*RECORDS FOR THE EXERCISE:*
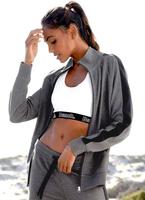 Bench. Loungewear Sweatjacke mit Seitenstreifen und Stehkragen, Loungewear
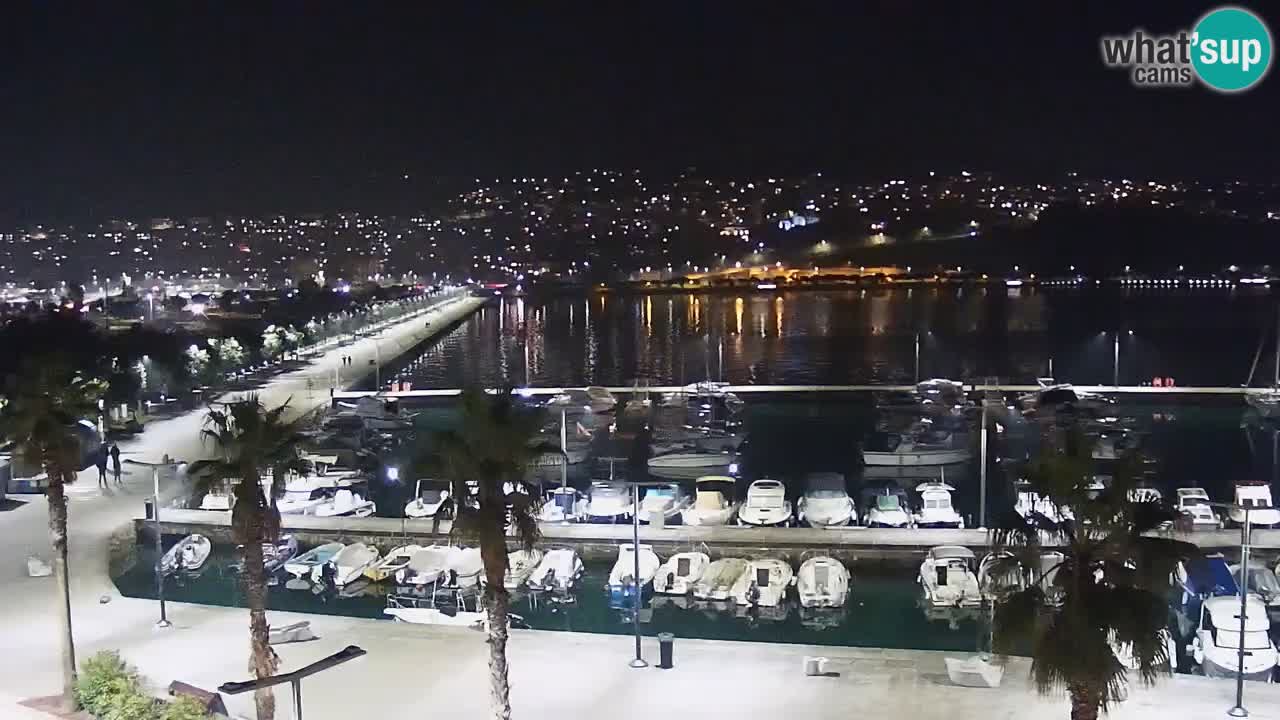 Webcam Koper – Panorama of the marina and promenade from the Grand Hotel Koper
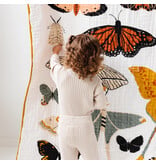 Clementine Kids Large Butterfly Collector Throw Blanket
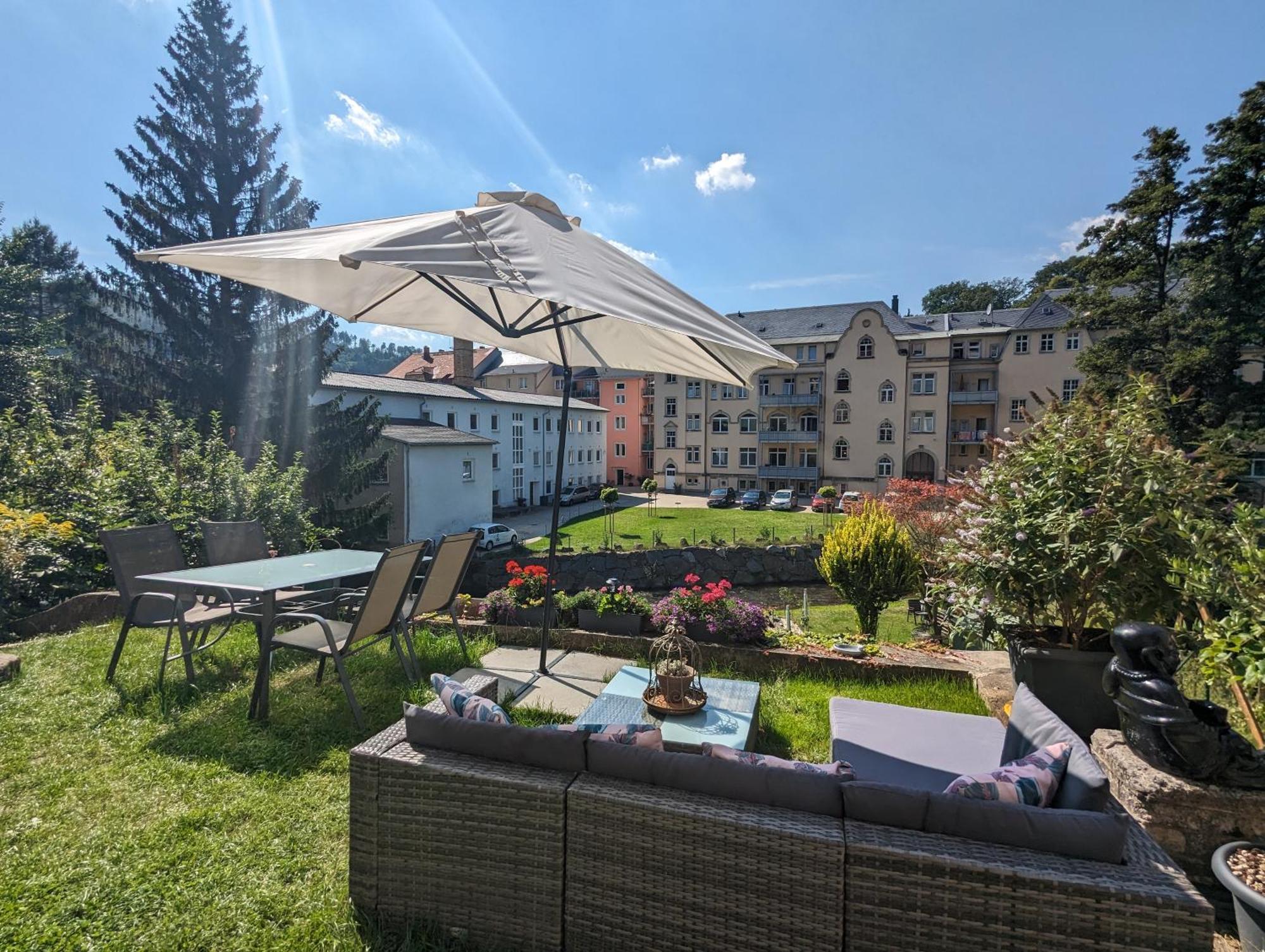 Apartamento Uo2 - Urlaubsmagie - Garten, Whirlpool, Sauna Sebnitz Exterior foto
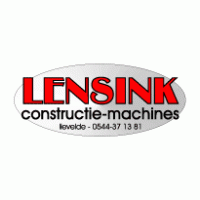 Lensink Constructie-Machines Logo PNG Vector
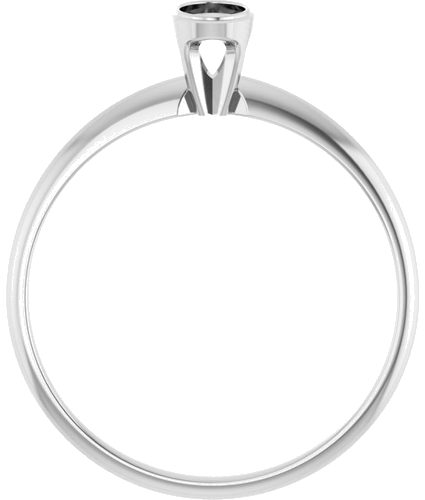 Sužadėtuvių Žiedas „Solitaire“ 585 Baltojo Aukso Oval 5mm x 3mm (2)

*WORK ORDER:* Please repeat each record above precisely, with the pictures left out.

*WRITTEN REPLY:*
 Bench. Loungewear Sweatjacke mit Seitenstreifen und Stehkragen, Loungewear
 Webcam Koper – Panorama of the marina and promenade from the Grand Hotel Koper
 Clementine Kids Large Butterfly Collector Throw Blanket
 Apartamento Uo2 - Urlaubsmagie - Garten, Whirlpool, Sauna Sebnitz Exterior foto
 Lensink Constructie-Machines Logo PNG Vector
 Sužadėtuvių Žiedas „Solitaire“ 585 Baltojo Aukso Oval 5mm x 3mm (2)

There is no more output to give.